Vermont welcome signVermont Gov. Peter Shumlin has signed into law the state’s fiscal year 2017 Transportation Bill, approving $612,574,418 for construction and maintenance of highways, bridges, rail lines, airports and transit projects.

“While maintaining a quality integrated transportation system is critical to the overall economic health of Vermont and the prosperity of Vermonters, safety remains the overriding concern in everything we do at the Agency of Transportation,” says Vermont Agency of Transportation Secretary Chris Cole. “Which is why we are investing over $17 million in highway safety. As the overall quality of our infrastructure improves, so does the safety of the traveling public, but this year’s bill also includes important safety provisions like increased usage of ignition interlocks, better definition of the rules of the road around vulnerable users and an update of the rail trespassing law. There are too many highway deaths in Vermont and we collectively need to work together to reduce that number by focusing on our own driving behavior.”

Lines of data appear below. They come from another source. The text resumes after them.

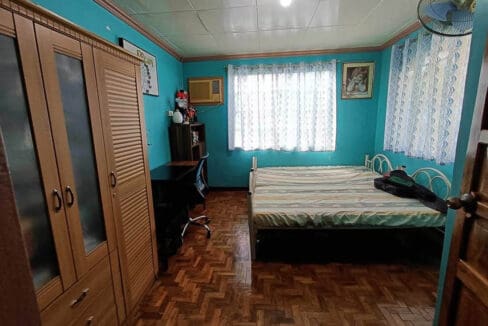 Bedroom with parquet flooring, built-in wardrobes and a study desk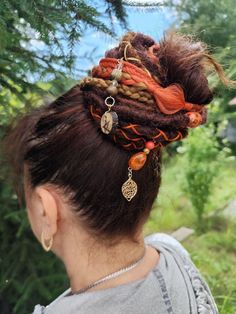 Enhance your witchy vibes with this unique Dreadlock Ponytail! This set features synthetic dreadlocks in striking red and brown hues, secured on an elastic band for easy wear. Perfect for adding a touch of flair to your hairstyle, whether you're headed to a festival, costume party, or just want to express your mystical side. Embrace your whimsical style with this eye-catching hair accessory! 🌞This is a unique piece and I'm happy to create similar ones on request.  Handmade with love, this acces Dreadlock Ponytail, Witchy Hair, Bohemian Hair Accessories, Wiccan Crafts, Festival Costume, Synthetic Dreadlocks, Whimsical Style, Synthetic Dreads, Bohemian Hairstyles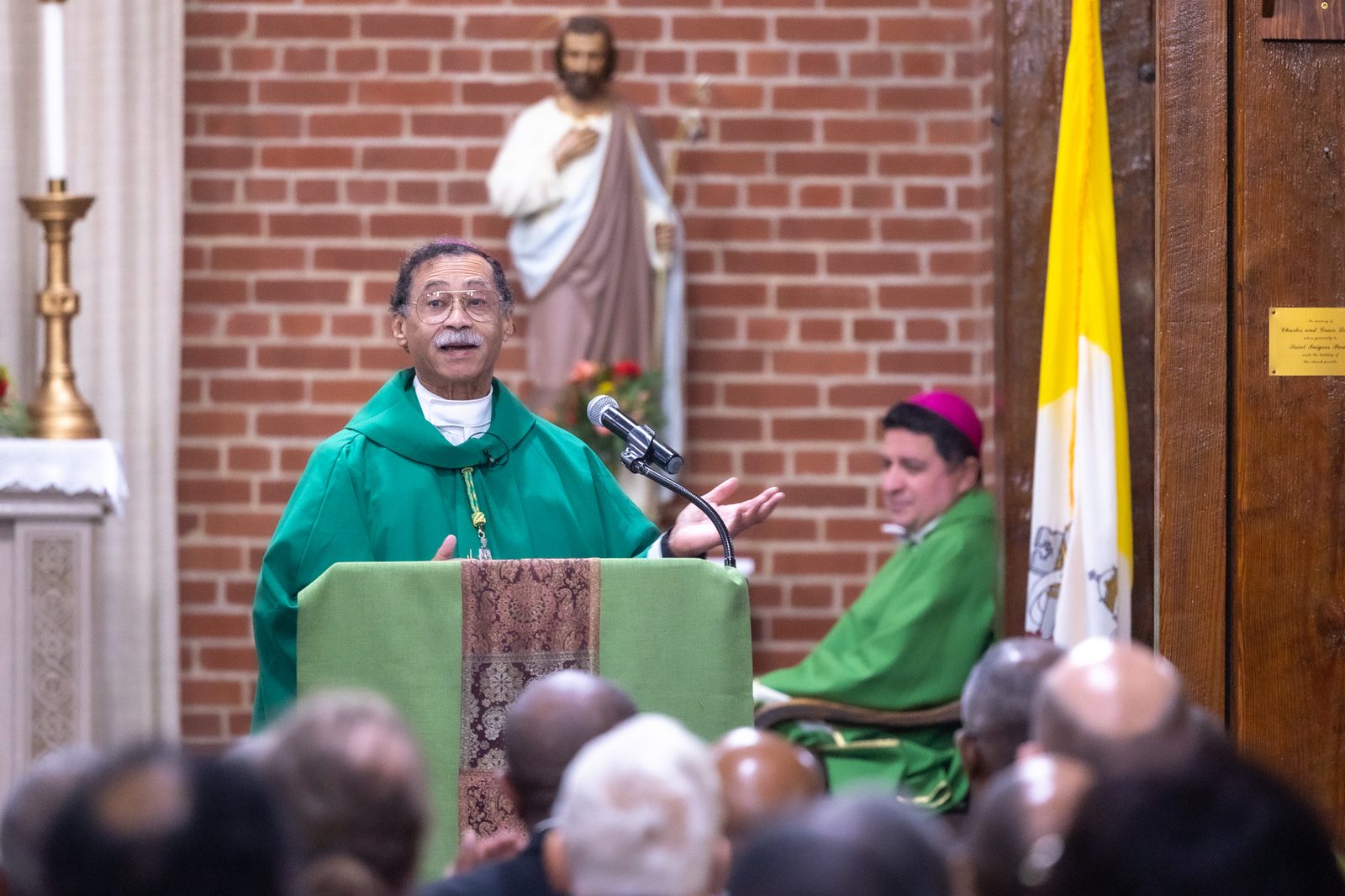 Washington Auxiliary Bishop Roy Campbell Jr. gives the homily during a Mass to Commemorate Black Catholic History Month on Nov. 16, 2024 at St. Peter Claver Church in St. Inigoes, Maryland. Seated at right is Washington Auxiliary Bishop Evelio Menjivar, who was a concelebrant at the Mass, which was sponsored by the Office of Cultural Diversity and Outreach of The Roman Catholic Archdiocese of Washington. (Catholic Standard photo by Mihoko Owada)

Investments for specific programs include:

  • $111.1 million for paving: An $11.1 million increase (11 percent) compared to fiscal year 2016. This funding will improve over 200 miles of state highway through traditional resurfacing, district leveling and preventive maintenance treatments.
  • $105.1 million for bridges:  An $11.1 million decrease (10 percent) from fiscal year 2016, but the seventh consecutive year that planned bridge spending has topped $100 million. The decrease is attributed to reduced levels of available federal funds.
  • $31.1 million for roadway: A $12.3 million decrease (28 percent) from fiscal year 2016. This includes approximately $5.5 million in construction funds for continued Hurricane Irene repair work, consisting of improvements to several corridors that were impacted by the storm and the repair of multiple, individual storm damaged sites. The remainder of the funding for the program is primarily infrastructure related for such projects as roadway reconstruction, culvert replacement and slope/ledge repair/removal.
  • $17.4 million for highway safety and traffic operations: A $620,000 decrease (3 percent). Highway safety activities for this program are identified through the Highway Safety Improvement Program and the Strategic Highway Safety Plan.
  • $76.4 million for town highway programs: A $27 million decrease (26 percent). This decrease is attributed to a $23 million decrease in FEMA Public Assistance Grants associated with Irene and 2013 disasters, and $3.2 million decrease to Town Highway Structures associated with a one-time budget adjustment that shifted $3.2 million from fiscal year 2015 to fiscal year 2016.
  • Town Highway Programs: This budget level funds the Town Highway Aid program at $26 million, sustaining the fiscal year 2013 increase of $1 million (4 percent) which had not been increased since fiscal year 2005. Town Highway Aid for Non-Federal Disasters (the former Town Highway Emergency Program) is level funded. Funding for Town Highway Aid for Federal Disasters is reduced by $160,000 (11 percent – from 1.44 million to 1.28 million). Funding for the Town Highway Structures is level funded, as are the Town Highway Class 2 and Class 1 Supplemental grant programs.
  • Town Highway Bridges: Funding for town highway bridges is decreased by $2.9 million (13 percent).  This budget funds 21 town highway bridge projects that are ready for construction and 14 additional projects under development.